Mihail Radu Solcan

Romanian dictionaries for GNU Aspell

2009-01-22

On the computer that I use most of the time I have Fedora 7. Fedora includes GNU Aspell, but there is no RPM with a dictionary for Romanian.

Rospell

The Internet is a very curious place. It took me quite a lot of time to realize that there is a project with excellent dictionaries for Romanian (including the dictionary for GNU Aspell). The name of the project is rospell.

The main effort, in the case of Rospell, seems to be in the direction of Open Office.

There is also the possibility to use the dictionary in Firefox.

The rospell dictionary used in Firefox

The installation process for Aspell is quite simple. You have all the explanations on the Rospell site. I will only formulate here some comments that might be useful in the case of other languages too.

The rospell package is minimal. In fact, what you really need is the list of words. It has the name ro.cwl and it is a compressed file. If you want to see what is in the list, you have to uncompress it:

word-list-compress d < ro.cwl > ro.wl

The file ro.wl is quite big. It has more than 20MB.

There is no affix file for Aspell. There is one for Open Office, but not for Aspell. As I have said, it is a good illustration of a minimal system for a language.

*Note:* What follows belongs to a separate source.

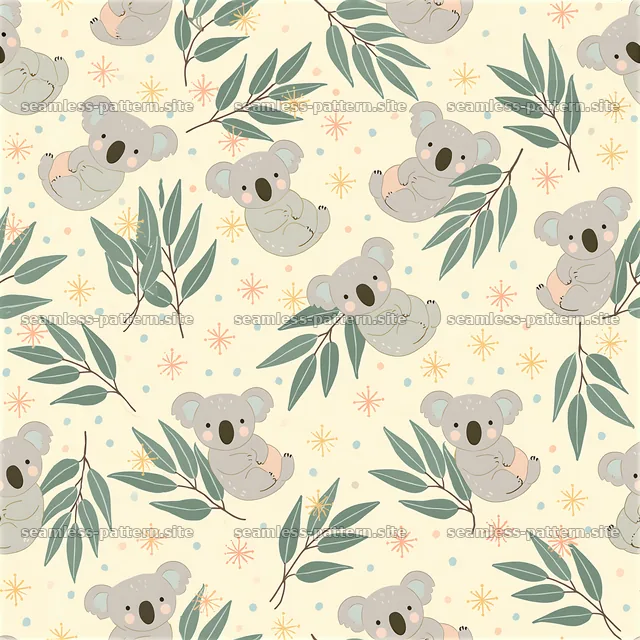 Cute koalas with leaves in a playful seamless pattern design — seamless tileable pattern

The next file you are going to need is a file with extension dat. Normally, it is called ro.dat, but you may rename it. For example, you can call it rn.dat, if there is no name clash in the folder

/usr/lib/aspell-0.60

or a similar folder for other versions of GNU Aspell. The rospell installer detects this folder in the first part of the installation process. However, if you make changes there you should first consult the Aspell documentation. And take full responsibility for what you do!

The content of the dat file

Beyond the name of the language, there are some other key elements in the dat file. I had to specify, for example, the value of “soundslike”. The system, in my case, did not work without it.

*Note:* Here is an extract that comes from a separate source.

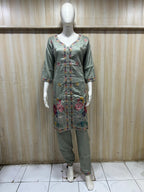 Sage Green Embroidered 2-Piece Ethnic Suit Set | Kurti & Pant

You also have to pay attention to the encodings. I will come back later to this problem.

The encoding of the file ro.wl may be changed with iconv tool. It is also very easy to change the Romanian letters şŞţŢ from the cedilla version to the comma version and vice versa.

The rn.multi file just says:

add rn.rws

But you have to prepare the rn.rws file with the command:

aspell --lang rn create master ./rn.rws < ro.wl

Then you just copy in /usr/lib/aspell-0.60 (or the similar folder) three files: rn.dat, rn.multi and rn.rws (you need root privileges for that!).

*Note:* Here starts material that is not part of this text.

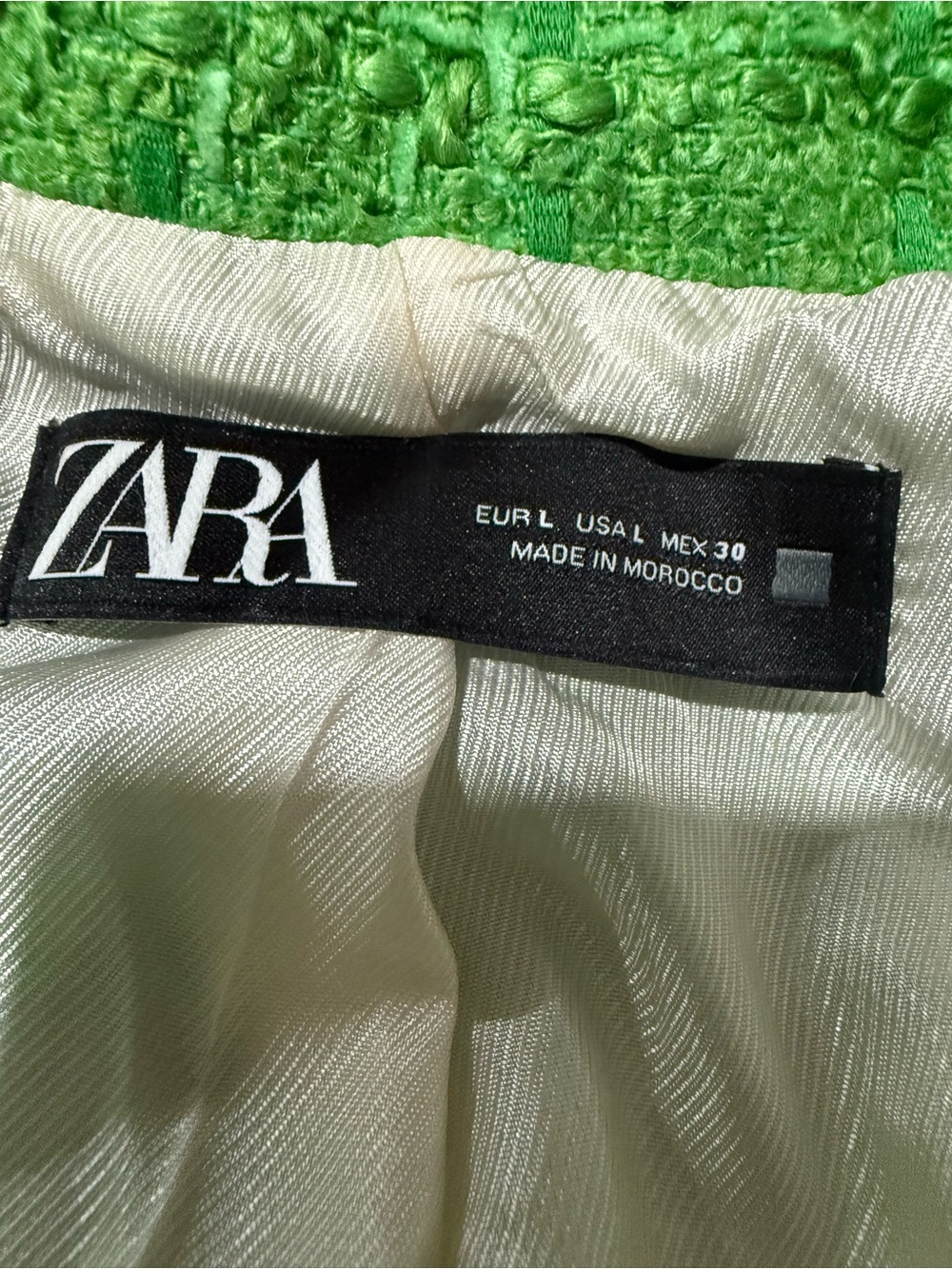 Zara Green Tweed Bouclé Double Breasted Blazer Jacket Gold Buttons Women’s Large - Picture 2 of 5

When you check files with this installation of the rospell dictionary you issue a command like this:

aspell --lang rn -c test.txt

An experiment

In my case, I kept open the possibility to use the ro files for an experiment. I keep the rospell dictionary for the normal work. I experiment with another list. The dictionary and the other files, in this case, are unfinished.

Now it is obvious why I use different names for the files. I do not want to break the working installation during the experiments.

They experimental files are under the GNU license. Anyone who has enough energy and the appropriate knowledge can hack the files, but has no right to hide the files or the modifications.

I will describe in the rest of this note the structure of the files and the way in which they can be used. You have to take full responsibility for what you do with the files. There is no implicit or explicit warranty.

The list of words

If you want to spell check a text in a given language the first piece that you will need is a list of words. GNU Aspell does not use the word list as such. You need it however for making Aspell able to check the language.

In the case of Romanian, I named the files with the lists of words

ro-lista-cuvinte.wl

The list is extracted from the definitions in dexonline.ro. This puts automatically the list of words under the GNU license. Anyway, I think that it would be absurd from an ethical point of view to claim that the file with the list of words in a language is proprietary software.

In 2005, I worked with a list of words encoded according to ISO-8859-2.

In 2009, the list I use under Fedora 7 uses the UTF-8 encoding.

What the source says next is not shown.